We are not called to be comfortable, but we are not called to do this alone
We are not left alone, my friends. Our discomfort, our grief, our questions, are where God meets us. God meets us there, and opens our eyes as we discover what it means to be Real. God meets us as we cast aside our stuffing and newness and fear of change, and draws us into being more loving, more just, more fully human. God meets us, and says that “even the hairs of your head are all counted. So do not be afraid…” Do not be afraid.
Do not be afraid of the discomfort, the questions, the unmaking of who we thought we were as we die to sin, to normal, to comfortable. Because it is through this dying that we become alive, become REAL in Christ.

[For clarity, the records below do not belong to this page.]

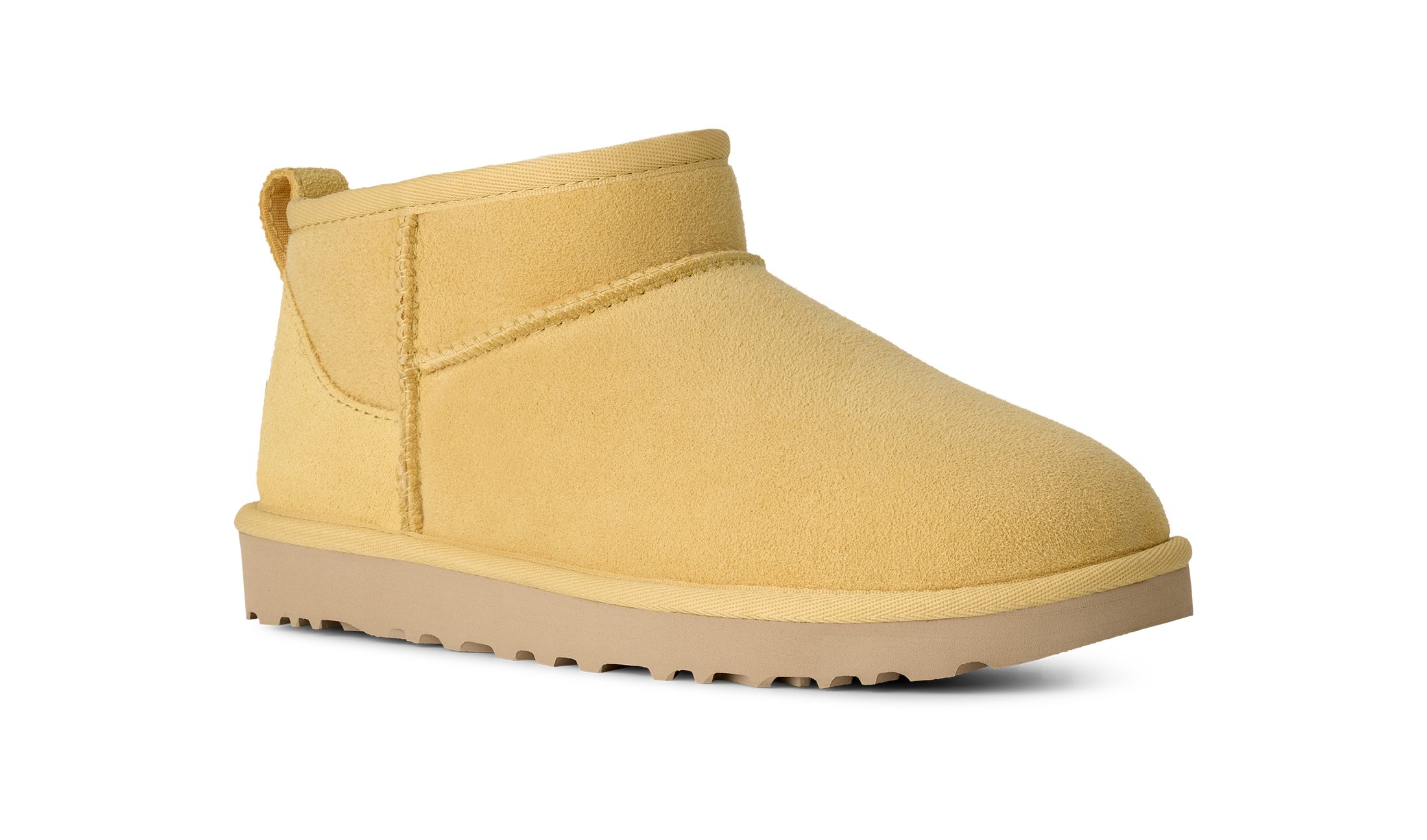 UGG Unisex, W CLASSIC ULTRA MINI Schlupfboots Winterboots mit Ziernähten und Logoaufnäher an der Ferse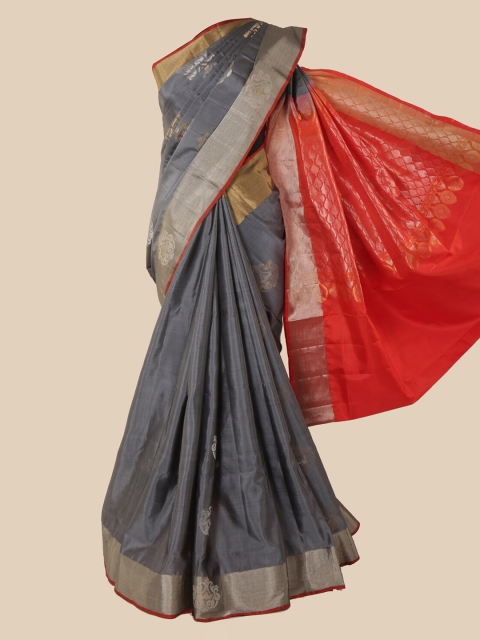 

Pothys Grey Woven Design Pure Silk Saree Kanjeevaram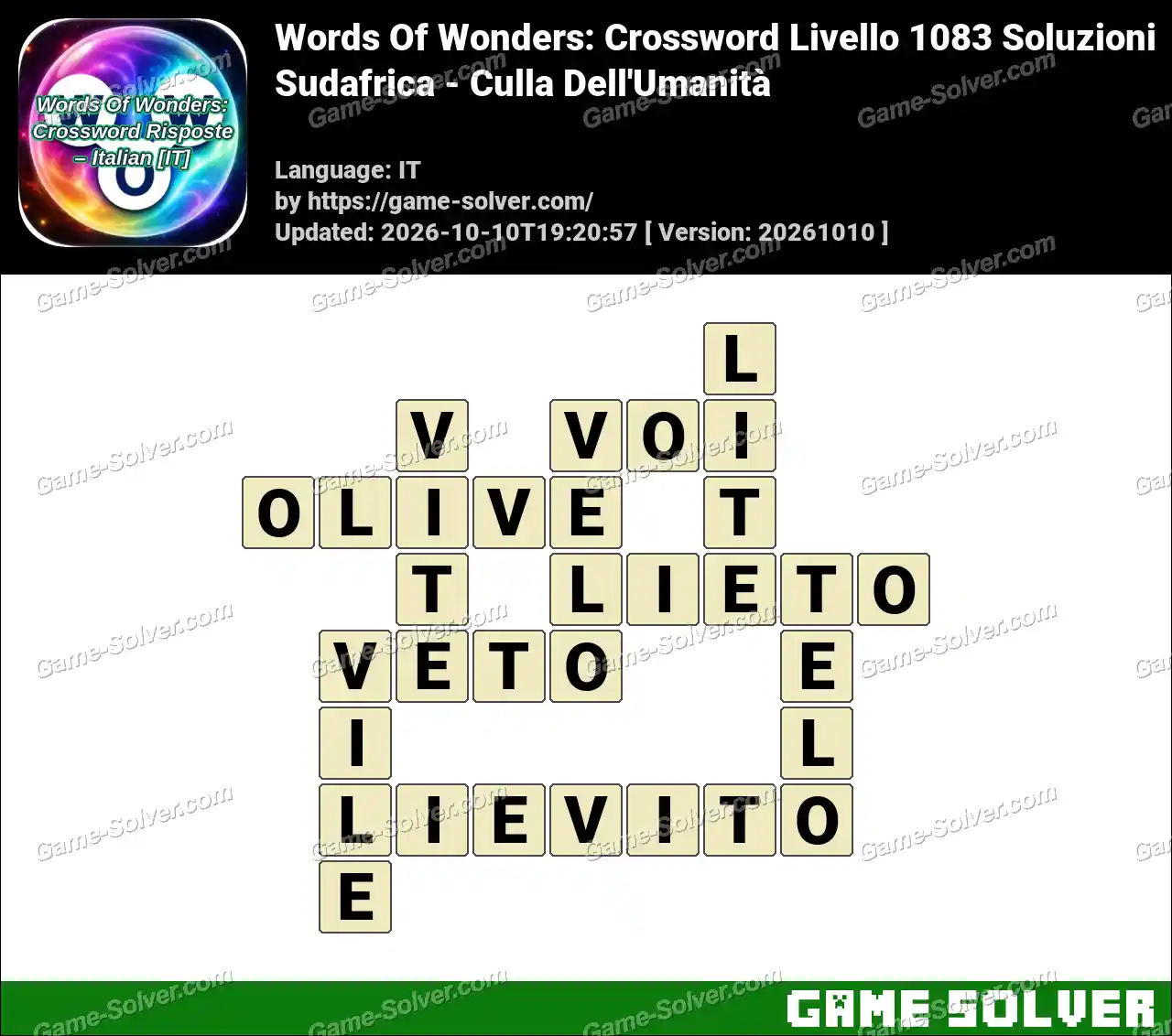 Words Of Wonders: Crossword Livello 1083 Soluzioni – Sudafrica – Culla Dell’Umanità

“It doesn’t happen all at once,” said the Horse. “You become. It takes a long time. That’s why it doesn’t happen often to people who break easily, or have sharp edges, or who have to be carefully kept. Generally, by the time you are Real, most of your hair has been loved off, and your eyes drop out and you get loose in the joints and very shabby. But these things don’t matter at all, because once you are Real you can’t be ugly, except to people who don’t understand.”
May we have the courage to step forth into this journey of becoming Real.